The family of a disabled Navajo man branded with a swastika …
Updated: Wednesday, 25 Jan 2012, 2:34 PM MST
Published : Thursday, 18 Aug 2011, 12:41 PM MDT
ALBUQUERQUE (KRQE) - Two men accused of branding a mentally disabled Navajo man with a swastika pleaded guilty to federal hate-crime charges Thursday.
Paul Beebe pleaded guilty to committing a hate crime and faces up to 10 years in prison.
Jesse Sanford pleaded guilty to conspiracy to commit a hate crime and could be sentenced to five years.
Under the plea agreement both men's sentences will run concurrently with the state charges. A sentencing date has not been set.
Beebe, Sanford and a third man, William Hatch, all played a role in the branding of a swastika into a Navajo man's arm April 2010.
In May a Farmington District Court jury found Hatch guilty of conspiracy to commit aggravated battery, a fourth-degree felony. He was acquitted of more serious charges including kidnapping.
Then in June Hatch pleaded guilty in federal court to conspiracy to commit a federal hate crime.
During the plea hearing Thursday, Beebe and Sanford admitted Beebe took the victim to Beebe’s apartment, which was adorned in racist paraphernalia including a Nazi flag and a woven dream catcher with a swastika in it. After the victim had fallen asleep, the defendants began defacing the his body by drawing on him with blue, red, and black markers.
Once the victim awoke and had a towel stuff in his mouth, Beebe branded him by heating a wire hanger on a stove and burning a permanent deep impression of a swastika in his skin.
Beebe and Sanford then used a cell phone to create a coerced recording of the victim saying he agreed to be branded.
The pair also admitted that they defaced the victim’s body with white supremacist and anti-Native American symbols, shavied a swastika in the back of the his head and used a marker to write the words “KKK” and “White Power” within the lines of the swastika.
Continuing to mock the victim’s heritage, Beebe and Sanford drew an ejaculating penis and testicles on the victim’s back while telling him that they were drawing his “native pride feathers,” according to prosecutors They recorded the incident on a cell phone to later play.
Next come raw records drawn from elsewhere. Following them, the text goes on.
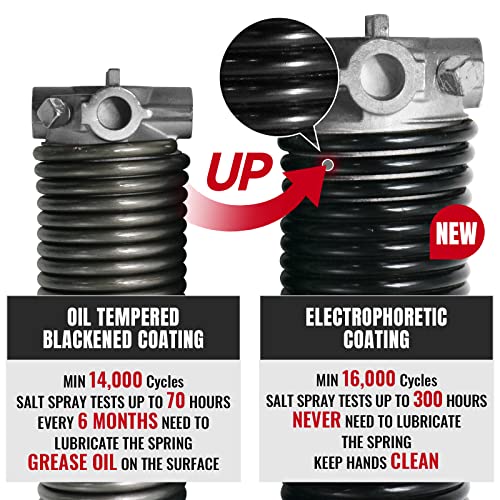 Pair of 1.75" Garage Door Torsion Springs Set with Non (0.218X1.75"X20")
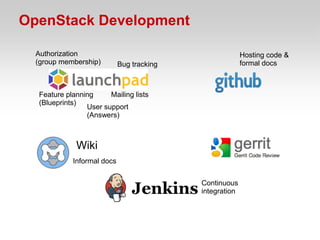 OpenStack Development

  Authorization                                          Hosting code &
  (group membership)        Bug tracking                 formal docs



  Feature planning     Mailing lists
  (Blueprints)
                User support
                (Answers)



             Wiki
            Informal docs


                                           Continuous
                                           integration
 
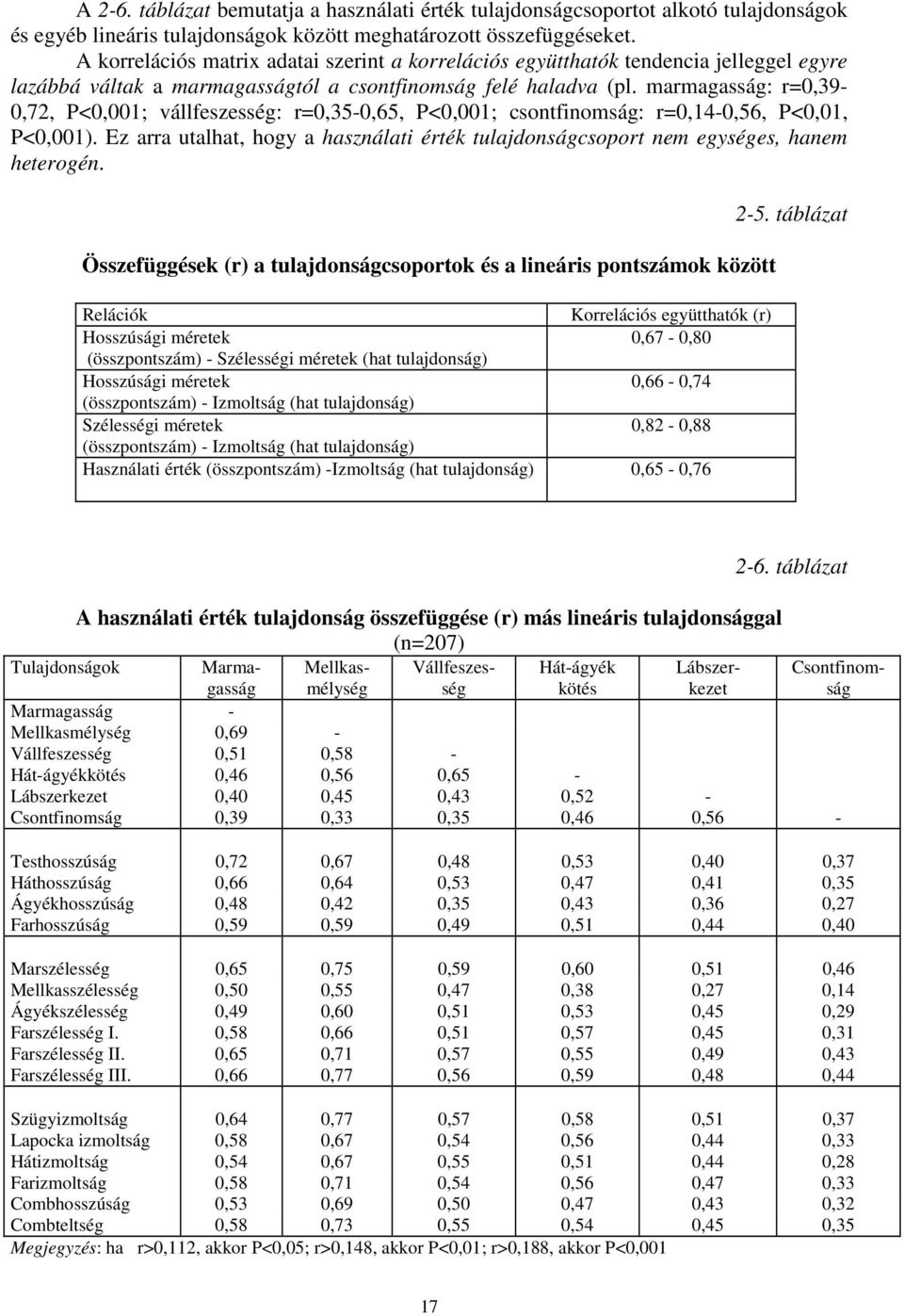 marmagasság: r=0,39-0,72, P<0,001; vállfeszesség: r=0,35-0,65, P<0,001; csontfinomság: r=0,14-0,56, P<0,01, P<0,001).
These guilty pleas were the result of a cooperative effort among the U.S. Attorney’s Office, the U.S. Department of Justice Civil Rights Division and the San Juan County District Attorney’s Office. This case was investigated by the FBI in cooperation with the Farmington Police Department and was prosecuted by Assistant U.S. Attorney Roberto Ortega for the District of New Mexico and Special Litigation Counsel Gerard Hogan and Trial Attorney Fara Gold of the Civil Rights Division.